On Wednesday, Comcast and Time Warner Cable are expected to meet with Justice Department officials to discuss their proposed $45.2 billion merger for the first time since the deal was announced in February 2014. The companies are presumably hoping to get their plans back on track after Bloomberg reported Friday that lawyers at the DOJ were getting ready to recommend blocking the deal and could submit a review of it sometime this week. But before that sit-down happens, here’s a quick guide to bring you up to speed on the potential merger.
What would happen if Comcast and Time Warner Cable combined?

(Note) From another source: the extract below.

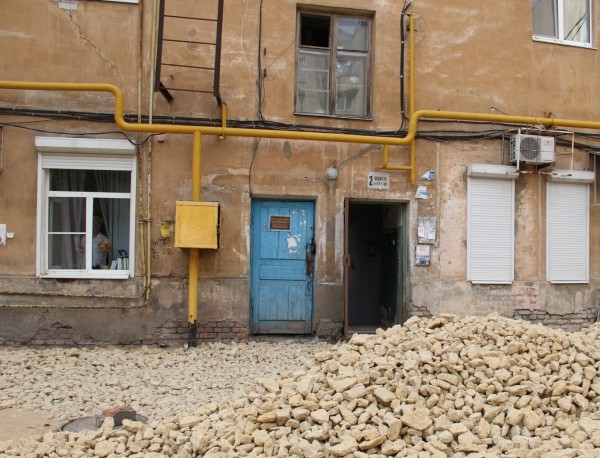 Разломали и скрылись. Как дорожники по госконтракту ремонтируют территорию пятиэтажки на Куцыгина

Comcast and Time Warner are the No. 1 and No. 2 biggest cable operators in the U.S., respectively. Comcast currently has nearly 22 million high-speed Internet customers and slightly more video users. Together, it and Time Warner would serve about 30 million customers and control roughly 57 percent of the market for broadband and 30 percent of the market for pay TV (aka your standard cable bundles). Basically, Comcast would go from just another cable giant to the cable behemoth.
What concerns does the Justice Department have about the merger?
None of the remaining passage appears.